It would also be compensation for the trees that had been cut down for the widening of the national highways linking Ludhiana with Ferozepur and Chandigarh as well as a bypass.
Col Gill also suggested the demarcation of what was Buddha Dariya land using GPS and 2015 records. This was needed because the basin of the river had been steadily shrinking.
Both proposals went through. But implementation was still a long way off. A Rs 2.46 crore contract was awarded for planting 17,000 trees, but it fizzled out. Demarcation of the river and getting encroachers to withdraw was caught up in wrangles in the government, as one could well imagine.

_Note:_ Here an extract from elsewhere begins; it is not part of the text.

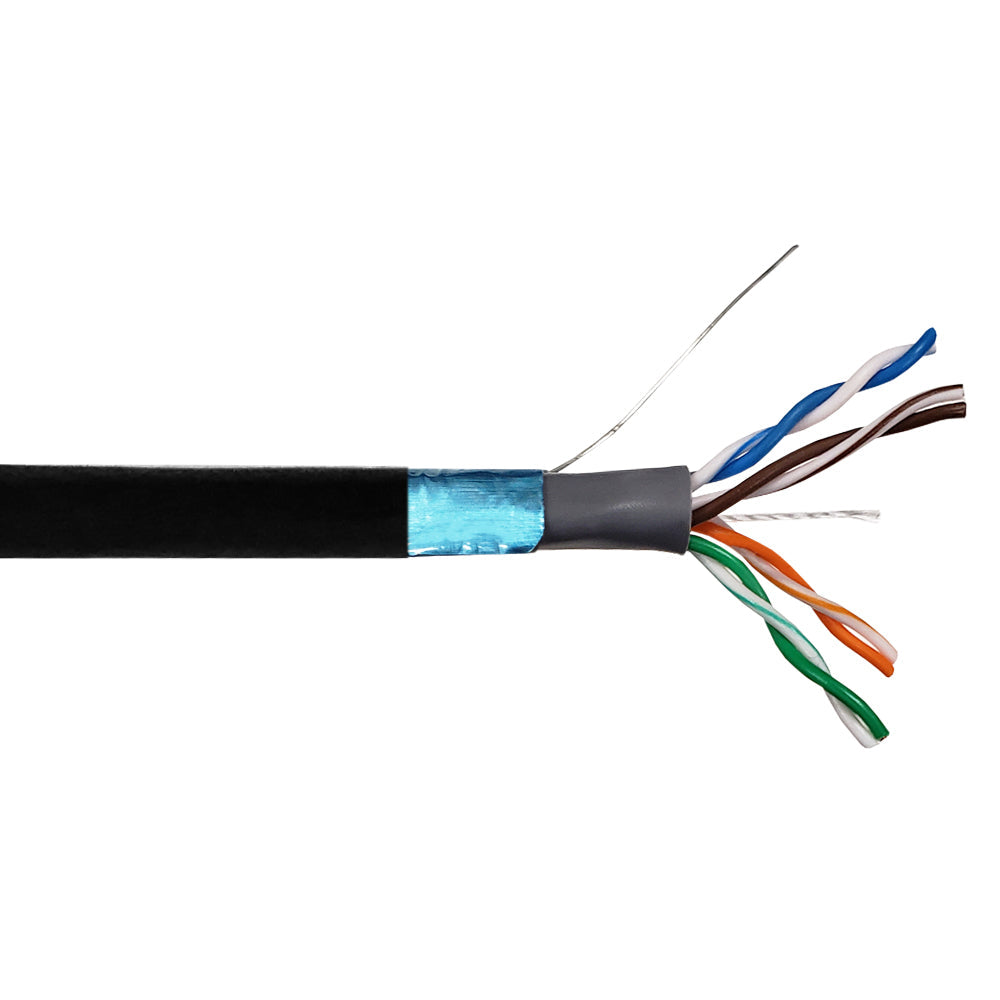 100ft 4 Pair CAT5E 350Mhz Shielded F/UTP Solid UV / Direct Burial Bulk Cable - Black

Col Gill persisted. Finally, the planting of trees was handed over to the forest department instead of the drainage department, as it rightly should have been in the first place. The demarcation work and removal of encroachers got its real boost when a new deputy commissioner, Surbi Malik, took over. She too took ownership of the proposal and drove it as only a determined local official can.
The whole process of demarcating the Buddha Dariya’s boundaries to get rid of encroachers and the going back to revenue records has many spinoffs. For instance, upstream there is a possibility of getting some 200 cusecs of clean water which can significantly dilute the pollution in the river. Similarly downstream, a branch of the river has 32 km which can be freed up from encroachers for regreening.
What drives efforts like Col Gill’s is difficult to tell. But they provide optimism that it is possible to get out of a difficult hole. A cause well pursued can have effect.